9. Hellz Wind Staff. Wu-Tang Clan. Wu-Tang Forever. 1997.

http://www.youtube.com/watch?v=mwUXiLm9cAk
Featuring: Streetlife, Ghostface Killah, Inspecktah Deck, Method Man, the RZA, Raekwon

Like “Triumph,” excels in presenting the entirety of the Wu. Unlike “Triumph,” features at-worst above-average contributions from every emcee over a quintessential Wu-Tang beat. Everyone brings it on this track, from Ghost (“The Rap Damian!”) to RZA (“The Heineken’s imported from Holland!) to Rae ("Rap’s is hotter than hot tamales in Toledo!”). Too easy.

8. Shakey Dog. Ghostface Killah. Fishscale. 2006.
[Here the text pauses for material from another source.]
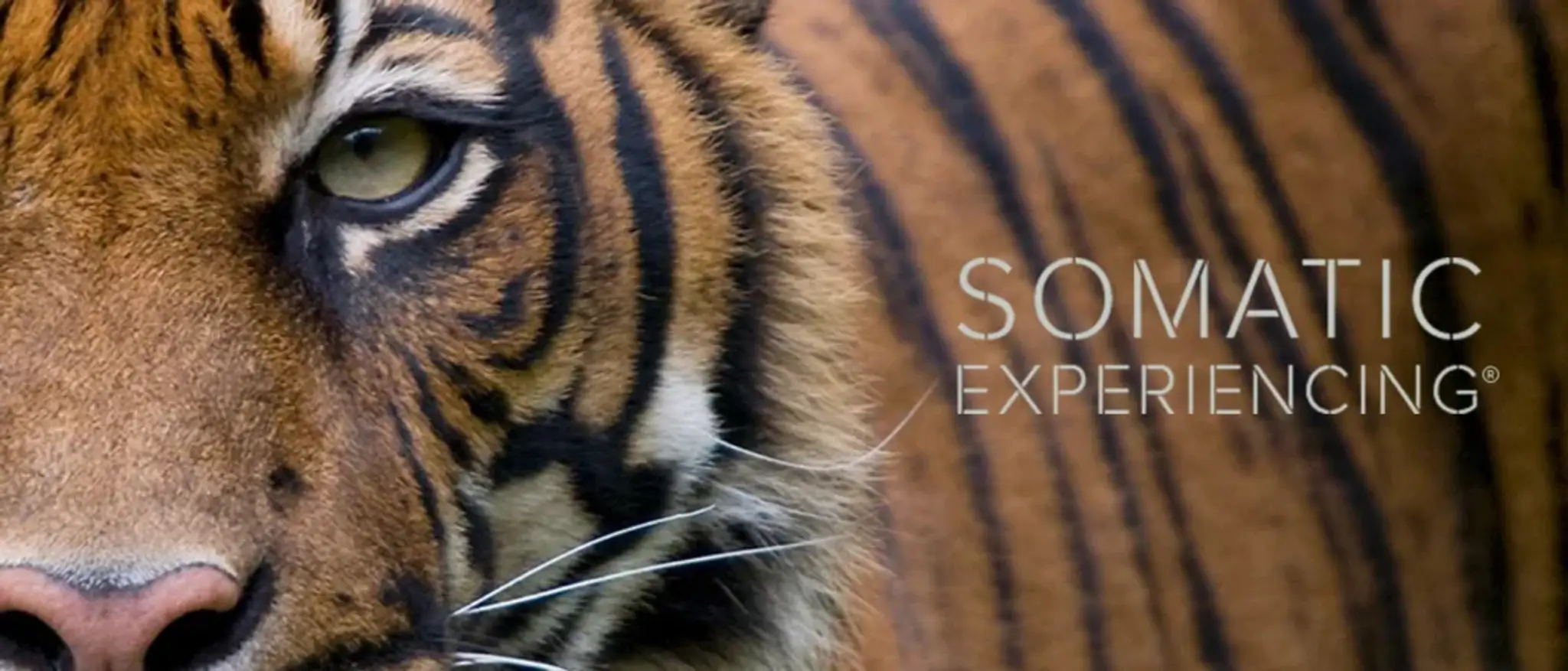 Raffi Cherbedjian - Thérapeute Psycho Corporel - Praticien en Somatic Experiencing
http://www.youtube.com/watch?v=wf_BsCiJ6Sc
Featuring: Ghostface Killah

So brilliant. Who needs the rest of the Wu when you have the Ghost getting’ on some Theodore shit like he does on this track here. (“Makin’ moves back and forth uptown!”). Ghostface is happy to be here, folks (“I’m ready for war!”). Artful storytelling abounds (Minor character development: “She bout 77/she paid her dues when she smoked her brother-in-law at his boss’s wedding"). The narrator is unreliable, yet inspired (“I’m on the floor/like ‘Holy shit!’”). Try deconstructing the storyline at your own peril, it’s like The Usual Suspects in hip-hop form. Ghost had spit an astonishing series of ultra-complex, highly literate, and undeniably captivating lyrics in song before (See: No. 4 on this list), but the storytelling on “Shakey Dog” remains unrivaled in the Wu catalog.

7. It’s Yourz. Wu-Tang Clan. Wu-Tang Forever. 1997.
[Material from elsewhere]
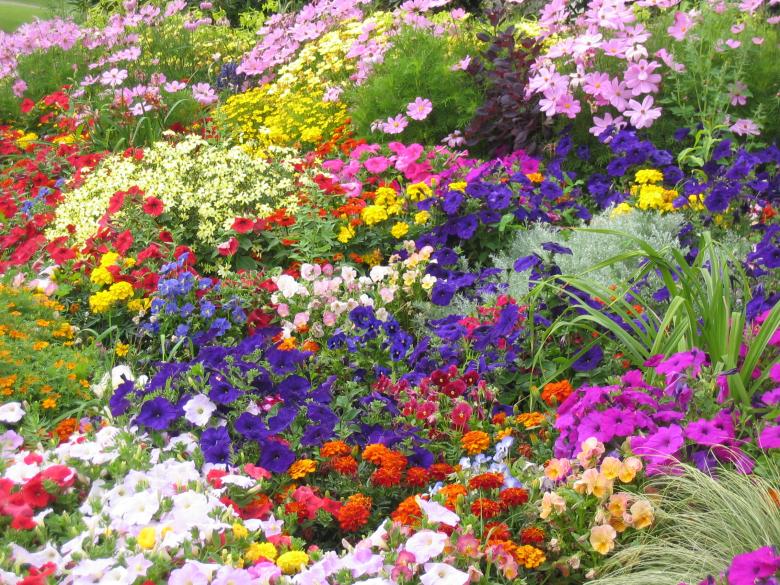 Free stock image of Library Flowers created by Tony Walker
http://www.youtube.com/watch?v=L14qLvBPUjU
Featuring: Raekwon, U-God, the RZA, Inspecktah Deck, Ghostface Killah

Would merely be excellent, had it not included perhaps the best Wu-provided verse contributed to the Wu catalog. Let it be known that no rapper in hip-hop history has ever been as underrated as the Inspecktah Deck. Following two verses that absolutely kill it (courtesy of U-God and the RZA), the Mic Wrecker lays waste to the track in sublime fashion:

"It's only natural, actual facts are thrown at you./The impact'll blow trees back and crack statues./Million dollar rap crews fold, check the sick shit/explicit, I crystalize the rhyme so you can sniff it./We live this, fitted hats low conceal the Crooked I/No surprise, verbal stick up – put em high/rebel I, outlaw, split second on the draw/Blow the door off this shit, like bricks of C-4."

I mean, this is the fourth best emcee in the Clan delivering this Nas-on-It-Aint-Hard-to-Tell level verse. Almost incomprehensibly badass, and coming from a guy who never had a solo career take off like that of the majority of the Wu’s emcees. No other group in popular music can lay claim to this type of depth, end of story.

6. Criminology. Raekwon. Only Built 4 Cuban Linx. 1995;

http://www.youtube.com/watch?v=9yUk683Sl3U
Featuring: Ghostface Killah, Raekwon

A track that basically sets the template for the successful Wu solo track, “Criminology” excels in its universally dominant production( the RZA goes mainstream on this shit with pinpoint accuracy) and pitch-perfect interplay between Ghost and Rae. (Ghost: “No questions!/I’ll send your ass back right to the essence!” Rae: “Fuck rap! Hip-hop for me off top!”) Forsaking Kung-Fu samples for excerpts from Scarface, “Criminology” put the non-African “gangsta” in Gangsta Rap. Ghost and Rae conceive of themselves as something more grandiose than kings of the block, something above killing gang rivals merely for the sake of loyalty. A decade and a half later, Rick Ross would proclaim that he thought he was Big Meech, he thought he was Larry Hoover, and release a classic track in “B.M.F.” But he’s no Big Meech. He’s no Larry Hoover. To paraphrase former Democratic Vice-Presidential candidate Lloyd Bentsen, I’ve met the two men who first proclaimed to be Big Meech and Larry Hoover, and you’re no Ghost or Rae, Mr. Ross. Every Don Corleone-inspired rap song you’ve ever heard owes a debt to this track for making the Gambino rap song mainstream in the same way N.W.A. make the gangsta rap song mainstream in 1988.